While the Zirkin Amendment to the Senate bill technically preserves the death penalty in Maryland, it eliminates basic evidentiary tools, such as fingerprints and ballistic evidence, for prosecutors seeking the death penalty as punishment in even the most horrific murder cases.  As pointed out in our earlier post (click here), it would also make it virtually impossible to seek the death penalty for the lead perpetrator in a murder-for-hire or witness intimidation case.  Many in the legal community believe that the Senate bill is drawn so poorly that there will never be a successful death penalty prosecution in Maryland again.

At the top of that list of doubters is Maryland’s Attorney General Douglas F. Gansler.  In fact, he testified before the House Judiciary Committee last week and stated that the Senate bill is “ill-prepared, ill-thought-out, awkward and clumsy.”  Moreover, Gansler concluded that the Zirkin Amendment “significantly limits the death penalty so as to almost nullify it in the state of Maryland.”  He implored the Delegates to fix the bill.
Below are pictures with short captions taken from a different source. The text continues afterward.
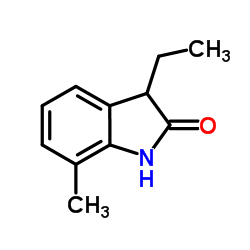 637341-57-2 structure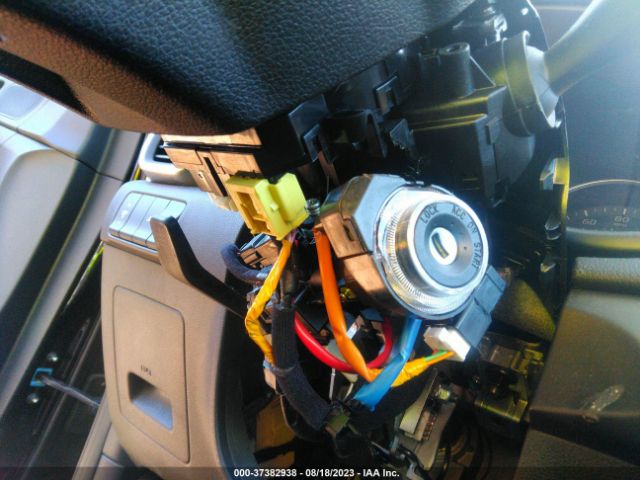 KNDPMCAC2N7964210 KIA Sportage Lx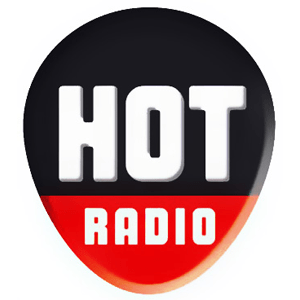 Lyssna på Hot Radio Grenoble i appen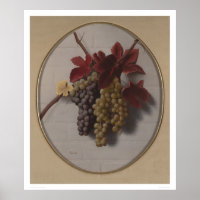 Échange de raisins (1363)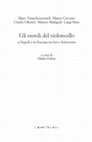 Research paper thumbnail of Prassi e didattica del violoncello nella Napoli del Settecento: un bilancio degli studi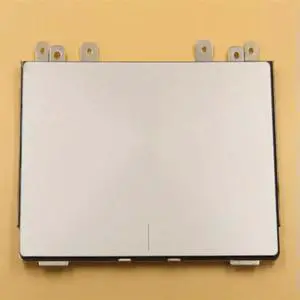 N56JN N56V N56VV N56VM N56 N56VZ N56SL mouse button board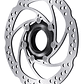 ROTOR MAGURA STORM CL LOCKRING - Miniatura 1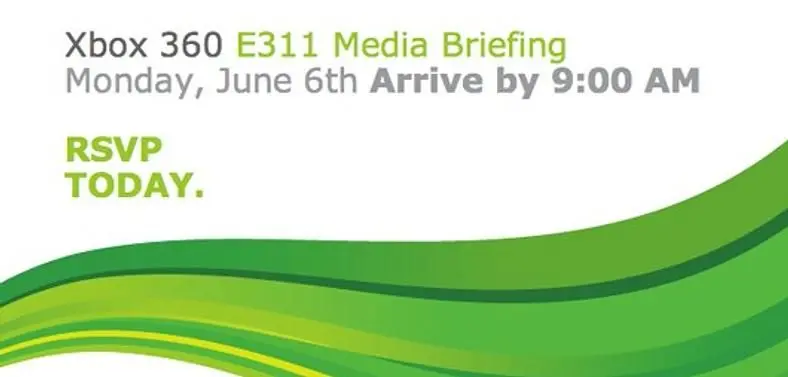 Microsoft relocating E3 conference to Galen Center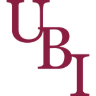UBI Federal Credit Union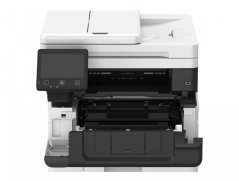 Canon MF463dw II (7188C008)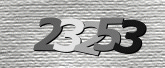 รูปภาพ captcha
Obviously the bill is bad policy from a criminal justice perspective unless you are one who supports total repeal.  Who better to judge that policy perspective than the person who has to handle the appeals on every single death penalty case in Maryland – the state’s Attorney General?
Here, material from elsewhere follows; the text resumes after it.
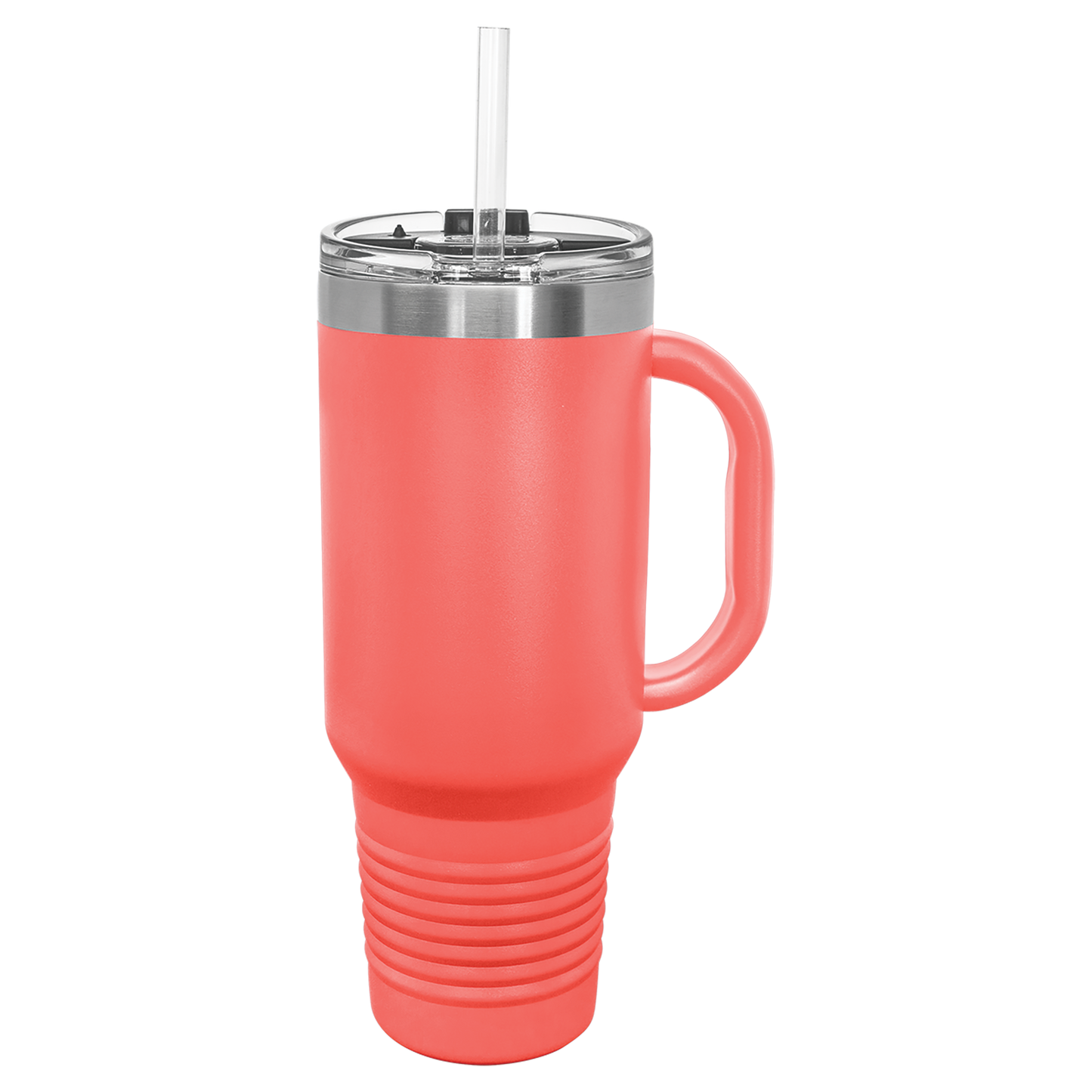 40oz Dawson Daily Tumbler - Melon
So – one would anticipate that the House Judiciary Committee would roll up its sleeves and get to work to fix the bill, right?  Well, in the political reality of Annapolis, not really.
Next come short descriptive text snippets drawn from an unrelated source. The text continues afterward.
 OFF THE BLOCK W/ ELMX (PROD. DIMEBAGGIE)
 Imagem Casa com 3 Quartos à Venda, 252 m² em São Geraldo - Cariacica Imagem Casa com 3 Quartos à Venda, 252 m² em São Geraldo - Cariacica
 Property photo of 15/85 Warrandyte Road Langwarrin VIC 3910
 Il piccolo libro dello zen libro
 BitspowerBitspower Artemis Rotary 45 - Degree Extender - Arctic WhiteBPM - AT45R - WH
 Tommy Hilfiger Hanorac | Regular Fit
See, there are two problems:

First, the Senate President told the House leadership to “take it or leave it.”  If the bill passes the House unchanged, it becomes law upon signature by the Governor.  If the House amends the bill to correct the problems identified by Attorney General Gansler, then the bill goes back to the Senate risking a long filibuster towards the hectic end of the session.

Second, the Governor told the House to “take it.”  He has too much politically invested in the death penalty repeal for this session.  A partial victory is better than walking away empty-handed.  If he wants to show something for his efforts this term, it has to be this year because no legislator wants a major controversial issue with heated debate next year in an election-year session when voters might have a fresh recall of a Governor’s or legislator’s position when they stand in the voting booth.

In the Judiciary voting session, eighteen amendments were offered to craft a better bill.  But the skids were politically greased on this one – all amendments were rejected.

And sadly, sound policy lost out to political expediency as Maryland will be stuck with the restrictive nature of the Zirkin amendment.  The new law will gives defense attorneys so many loopholes to work before a judge or jury in the courtroom that it basically nullifies the death penalty in this state.